- **EXERCISE OBJECTIVE**: Repeat exactly, and only, the lines from the one containing "BRIGHTON BLACK LEATHER" through the end of the records.
++++ DATA EXTRACTS
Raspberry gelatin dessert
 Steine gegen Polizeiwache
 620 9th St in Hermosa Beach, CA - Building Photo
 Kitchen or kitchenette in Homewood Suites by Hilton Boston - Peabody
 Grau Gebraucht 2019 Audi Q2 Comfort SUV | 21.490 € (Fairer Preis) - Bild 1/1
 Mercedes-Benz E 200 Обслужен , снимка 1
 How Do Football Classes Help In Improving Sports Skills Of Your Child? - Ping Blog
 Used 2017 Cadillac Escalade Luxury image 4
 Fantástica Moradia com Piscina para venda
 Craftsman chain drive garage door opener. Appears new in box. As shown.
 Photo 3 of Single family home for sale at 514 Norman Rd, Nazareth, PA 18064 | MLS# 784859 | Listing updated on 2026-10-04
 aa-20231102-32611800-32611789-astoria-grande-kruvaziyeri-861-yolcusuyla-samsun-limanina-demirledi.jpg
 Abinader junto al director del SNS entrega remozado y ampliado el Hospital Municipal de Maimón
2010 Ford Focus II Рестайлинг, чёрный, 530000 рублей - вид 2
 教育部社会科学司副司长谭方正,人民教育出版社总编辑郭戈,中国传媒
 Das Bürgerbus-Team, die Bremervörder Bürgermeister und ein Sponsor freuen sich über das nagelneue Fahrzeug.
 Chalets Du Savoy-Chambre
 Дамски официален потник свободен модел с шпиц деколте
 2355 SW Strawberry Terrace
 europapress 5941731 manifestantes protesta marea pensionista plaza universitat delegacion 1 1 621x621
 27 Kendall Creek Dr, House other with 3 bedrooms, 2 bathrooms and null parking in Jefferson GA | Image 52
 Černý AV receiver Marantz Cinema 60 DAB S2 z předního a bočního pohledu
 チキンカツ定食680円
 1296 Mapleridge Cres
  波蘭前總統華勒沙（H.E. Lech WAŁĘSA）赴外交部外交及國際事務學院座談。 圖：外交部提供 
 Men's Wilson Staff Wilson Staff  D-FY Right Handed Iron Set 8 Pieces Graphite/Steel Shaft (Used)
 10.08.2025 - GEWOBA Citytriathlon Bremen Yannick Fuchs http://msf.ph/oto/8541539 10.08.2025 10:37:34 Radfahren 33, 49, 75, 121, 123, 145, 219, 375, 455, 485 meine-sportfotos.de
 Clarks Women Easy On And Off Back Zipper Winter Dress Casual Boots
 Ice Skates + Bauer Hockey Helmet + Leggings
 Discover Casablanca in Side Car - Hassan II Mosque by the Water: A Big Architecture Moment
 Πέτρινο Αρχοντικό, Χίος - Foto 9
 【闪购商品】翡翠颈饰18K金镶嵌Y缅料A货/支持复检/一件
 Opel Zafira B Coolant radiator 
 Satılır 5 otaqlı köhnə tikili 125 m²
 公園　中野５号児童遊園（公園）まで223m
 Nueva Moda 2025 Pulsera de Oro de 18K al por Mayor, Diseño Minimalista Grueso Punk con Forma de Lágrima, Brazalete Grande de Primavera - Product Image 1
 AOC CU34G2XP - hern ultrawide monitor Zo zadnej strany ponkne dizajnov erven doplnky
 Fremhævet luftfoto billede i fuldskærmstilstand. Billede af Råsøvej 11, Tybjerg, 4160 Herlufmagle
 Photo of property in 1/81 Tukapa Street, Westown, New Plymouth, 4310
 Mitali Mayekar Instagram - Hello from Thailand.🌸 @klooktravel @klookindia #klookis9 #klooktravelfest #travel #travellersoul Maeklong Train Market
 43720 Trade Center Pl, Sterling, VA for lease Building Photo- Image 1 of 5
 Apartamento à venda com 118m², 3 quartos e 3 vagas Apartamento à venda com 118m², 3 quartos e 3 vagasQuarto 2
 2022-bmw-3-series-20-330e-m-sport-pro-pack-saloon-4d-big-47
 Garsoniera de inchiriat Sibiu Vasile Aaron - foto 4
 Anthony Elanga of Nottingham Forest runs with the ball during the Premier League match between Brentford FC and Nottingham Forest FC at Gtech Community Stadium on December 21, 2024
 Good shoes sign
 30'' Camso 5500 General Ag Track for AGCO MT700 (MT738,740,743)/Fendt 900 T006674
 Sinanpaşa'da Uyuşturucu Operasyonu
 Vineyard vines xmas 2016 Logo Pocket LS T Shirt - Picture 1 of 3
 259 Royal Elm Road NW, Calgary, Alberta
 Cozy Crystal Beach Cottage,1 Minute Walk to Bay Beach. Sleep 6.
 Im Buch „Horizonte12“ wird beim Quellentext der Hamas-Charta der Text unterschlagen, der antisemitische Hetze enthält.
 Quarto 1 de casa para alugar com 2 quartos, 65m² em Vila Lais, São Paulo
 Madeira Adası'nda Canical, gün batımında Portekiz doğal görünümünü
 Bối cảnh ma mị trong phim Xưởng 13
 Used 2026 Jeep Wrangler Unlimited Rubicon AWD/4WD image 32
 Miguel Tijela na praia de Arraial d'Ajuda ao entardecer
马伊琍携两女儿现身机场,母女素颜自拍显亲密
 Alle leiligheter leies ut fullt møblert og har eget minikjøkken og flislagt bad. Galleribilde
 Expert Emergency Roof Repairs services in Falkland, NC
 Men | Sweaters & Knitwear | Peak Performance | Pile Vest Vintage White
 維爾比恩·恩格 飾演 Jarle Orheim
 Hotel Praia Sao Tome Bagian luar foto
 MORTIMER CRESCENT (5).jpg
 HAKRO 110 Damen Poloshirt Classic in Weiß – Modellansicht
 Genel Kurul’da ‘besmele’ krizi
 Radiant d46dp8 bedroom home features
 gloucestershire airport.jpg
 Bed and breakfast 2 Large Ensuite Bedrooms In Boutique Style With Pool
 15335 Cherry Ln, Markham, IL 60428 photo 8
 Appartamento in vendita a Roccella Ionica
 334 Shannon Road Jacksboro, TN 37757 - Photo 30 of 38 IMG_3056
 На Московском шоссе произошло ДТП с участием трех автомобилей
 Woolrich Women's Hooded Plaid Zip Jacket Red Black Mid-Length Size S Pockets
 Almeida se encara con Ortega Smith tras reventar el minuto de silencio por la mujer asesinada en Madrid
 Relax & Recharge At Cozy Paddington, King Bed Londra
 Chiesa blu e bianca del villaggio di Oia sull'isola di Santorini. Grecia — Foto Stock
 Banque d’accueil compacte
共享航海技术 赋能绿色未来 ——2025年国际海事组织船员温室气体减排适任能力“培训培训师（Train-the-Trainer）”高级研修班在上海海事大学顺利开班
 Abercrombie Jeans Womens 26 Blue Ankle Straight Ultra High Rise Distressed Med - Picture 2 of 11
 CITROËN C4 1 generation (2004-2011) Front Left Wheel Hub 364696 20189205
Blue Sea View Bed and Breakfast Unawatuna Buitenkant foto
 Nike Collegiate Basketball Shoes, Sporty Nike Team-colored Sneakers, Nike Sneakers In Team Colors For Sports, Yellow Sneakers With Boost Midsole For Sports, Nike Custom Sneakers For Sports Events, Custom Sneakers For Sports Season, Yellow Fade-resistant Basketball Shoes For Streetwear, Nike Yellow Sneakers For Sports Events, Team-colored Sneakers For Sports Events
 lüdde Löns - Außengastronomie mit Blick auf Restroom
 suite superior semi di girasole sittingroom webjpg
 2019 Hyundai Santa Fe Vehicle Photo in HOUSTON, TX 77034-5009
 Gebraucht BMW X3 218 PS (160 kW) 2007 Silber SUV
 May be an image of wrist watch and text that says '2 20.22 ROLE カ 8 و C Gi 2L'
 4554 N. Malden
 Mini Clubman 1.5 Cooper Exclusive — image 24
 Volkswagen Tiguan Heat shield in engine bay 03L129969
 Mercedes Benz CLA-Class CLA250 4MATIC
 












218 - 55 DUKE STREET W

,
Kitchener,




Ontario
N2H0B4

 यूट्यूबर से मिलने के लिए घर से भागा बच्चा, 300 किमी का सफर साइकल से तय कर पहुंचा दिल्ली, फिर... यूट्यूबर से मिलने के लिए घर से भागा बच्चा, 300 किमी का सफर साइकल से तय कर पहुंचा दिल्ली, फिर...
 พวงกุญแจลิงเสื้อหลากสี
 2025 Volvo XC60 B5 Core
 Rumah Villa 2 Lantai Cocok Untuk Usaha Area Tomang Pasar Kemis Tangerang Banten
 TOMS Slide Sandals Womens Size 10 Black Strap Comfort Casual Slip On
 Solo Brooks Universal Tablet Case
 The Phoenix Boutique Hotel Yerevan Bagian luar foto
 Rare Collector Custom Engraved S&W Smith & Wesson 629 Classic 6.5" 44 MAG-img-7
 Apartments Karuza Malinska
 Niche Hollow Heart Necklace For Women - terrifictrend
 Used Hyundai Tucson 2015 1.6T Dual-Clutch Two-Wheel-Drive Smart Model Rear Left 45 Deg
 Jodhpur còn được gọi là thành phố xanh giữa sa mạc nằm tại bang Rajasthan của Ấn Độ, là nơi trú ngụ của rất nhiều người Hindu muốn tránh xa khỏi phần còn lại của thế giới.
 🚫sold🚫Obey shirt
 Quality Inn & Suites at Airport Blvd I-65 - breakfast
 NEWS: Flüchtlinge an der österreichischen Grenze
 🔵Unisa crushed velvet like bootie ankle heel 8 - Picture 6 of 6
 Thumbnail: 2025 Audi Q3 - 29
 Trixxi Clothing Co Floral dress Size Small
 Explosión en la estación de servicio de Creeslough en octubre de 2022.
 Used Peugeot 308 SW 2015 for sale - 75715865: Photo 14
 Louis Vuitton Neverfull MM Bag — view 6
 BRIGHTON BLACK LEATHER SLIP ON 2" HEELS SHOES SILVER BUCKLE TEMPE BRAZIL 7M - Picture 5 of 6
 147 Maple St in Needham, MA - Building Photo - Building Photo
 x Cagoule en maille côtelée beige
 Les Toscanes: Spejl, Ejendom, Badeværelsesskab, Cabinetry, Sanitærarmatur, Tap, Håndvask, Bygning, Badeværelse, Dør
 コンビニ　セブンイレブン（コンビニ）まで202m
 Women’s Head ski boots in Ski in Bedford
++++++++
- **ANSWER BOX**:
 BRIGHTON BLACK LEATHER SLIP ON 2" HEELS SHOES SILVER BUCKLE TEMPE BRAZIL 7M - Picture 5 of 6
 147 Maple St in Needham, MA - Building Photo - Building Photo
 x Cagoule en maille côtelée beige
 Les Toscanes: Spejl, Ejendom, Badeværelsesskab, Cabinetry, Sanitærarmatur, Tap, Håndvask, Bygning, Badeværelse, Dør
 コンビニ　セブンイレブン（コンビニ）まで202m
 Women’s Head ski boots in Ski in Bedford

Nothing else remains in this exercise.